Your task
Go to the line with "Ретро Полосы D-Deftones" in the entries below and write out every line from there through the line with "Gerry Weber Spodnie", exactly and without pictures.

Data to process
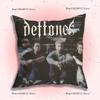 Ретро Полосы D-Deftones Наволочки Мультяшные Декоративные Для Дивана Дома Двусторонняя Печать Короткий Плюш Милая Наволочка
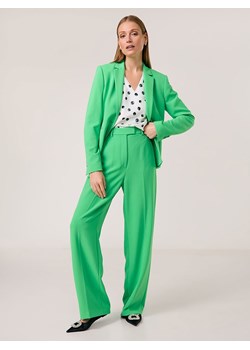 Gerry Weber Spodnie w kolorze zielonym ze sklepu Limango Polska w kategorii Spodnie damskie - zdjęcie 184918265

...

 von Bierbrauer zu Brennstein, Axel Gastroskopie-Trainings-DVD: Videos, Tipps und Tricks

...

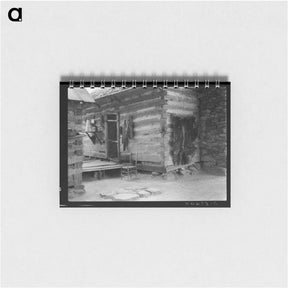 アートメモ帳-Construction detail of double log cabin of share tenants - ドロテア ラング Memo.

Exercise response
 Ретро Полосы D-Deftones Наволочки Мультяшные Декоративные Для Дивана Дома Двусторонняя Печать Короткий Плюш Милая Наволочка
 Gerry Weber Spodnie w kolorze zielonym ze sklepu Limango Polska w kategorii Spodnie damskie - zdjęcie 184918265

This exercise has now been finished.